One of the most impactful of these approaches is GitOps — a method of managing infrastructure and application deployments by using Git repositories as the central control system.
GitOps enables teams to define infrastructure and app configurations declaratively, then automatically deploy and reconcile them. The core principle is simple: Git is the single source of truth for infrastructure and application state.
Core Idea of GitOps
At its core, GitOps works by storing desired infrastructure configurations in Git. A GitOps operator (like ArgoCD or Flux) continuously monitors these repositories and ensures the running system matches the desired state.
- If manual changes are made, the operator detects drift and restores the system back to the declared state.
- Example: If Git specifies Kubernetes autoscaling between 3–9 pods, and someone changes it manually to 4–12, the operator reverts it back to 3–9.
Key objectives of GitOps include:
- Git as the single source of truth
- Developer-centric workflows
- Full traceability of infrastructure changes
- Standardization and consistency
- Stronger security practices
GitOps in Action
Git as the Source of Truth
All infrastructure definitions — from Kubernetes manifests to Helm charts — are versioned in Git. This repository (often called an infrastructure repo) becomes the single reference for deployments.
Developer-Oriented Workflows
Infrastructure changes follow the same process as application code: pull requests, reviews, and merges.
For example:
- A DevOps engineer edits
app1-values.yaml
. - A pull request is created, reviewed, and tested (lint, compliance, security checks).
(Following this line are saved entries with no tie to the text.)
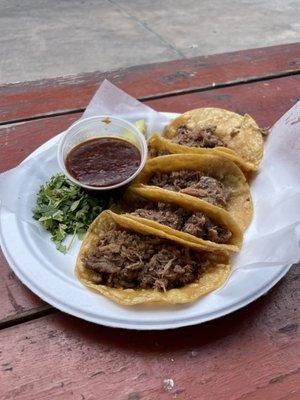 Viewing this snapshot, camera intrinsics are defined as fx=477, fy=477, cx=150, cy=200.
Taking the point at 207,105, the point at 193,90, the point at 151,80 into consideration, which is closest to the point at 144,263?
the point at 207,105

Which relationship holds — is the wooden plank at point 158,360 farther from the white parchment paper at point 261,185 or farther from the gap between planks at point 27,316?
the white parchment paper at point 261,185

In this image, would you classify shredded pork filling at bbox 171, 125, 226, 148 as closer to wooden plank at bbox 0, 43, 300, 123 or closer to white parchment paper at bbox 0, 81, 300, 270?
white parchment paper at bbox 0, 81, 300, 270

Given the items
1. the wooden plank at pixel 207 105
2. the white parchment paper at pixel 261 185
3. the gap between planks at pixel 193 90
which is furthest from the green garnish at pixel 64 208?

- Once merged, ArgoCD automatically applies the changes to Kubernetes.
Traceability and Auditability
Every change is logged in Git commits and PR discussions. This provides a clear audit trail of who changed what and why.
Consistency Across Environments
Declarative configs ensure environments remain consistent. For example, Helm charts can be reused with different values.yaml
for staging, testing, and production.
Enhanced Security
GitOps benefits from Git’s built-in access controls and code reviews. Automated scanners (e.g., Trivy) can check manifests for vulnerabilities before deployment.
GitOps Workflow Diagram
Diagram: Git is the source of truth → operator (ArgoCD/Flux) applies changes → Kubernetes cluster stays in sync.
Common Myths About GitOps
-
“It’s just Infrastructure as Code (IaC).”
Not quite — GitOps extends IaC into a full operating model with processes and reconciliation. -
“It only works with Kubernetes.”
While Kubernetes popularized GitOps, its principles apply to databases, VMs, and networks too. -
“You need full automation to start.”
Not true. You can begin with partial automation and expand gradually. -
“It replaces CI/CD.”
GitOps complements CI/CD. CI/CD builds and tests; GitOps handles deployment and state management. -
“Git is too complex for ops teams.”
Modern Git tools simplify workflows. Most operators only need to know basics like commits and pull requests.
Conclusion
GitOps is more than a buzzword — it’s a powerful model for managing modern infrastructure. By using Git as the single source of truth, teams gain consistency, reliability, transparency, and security in their operations.
Whether you start small or aim for enterprise-wide adoption, GitOps offers a framework that scales with your DevOps practices. It unifies teams, enforces accountability, and helps you ship software faster and safer.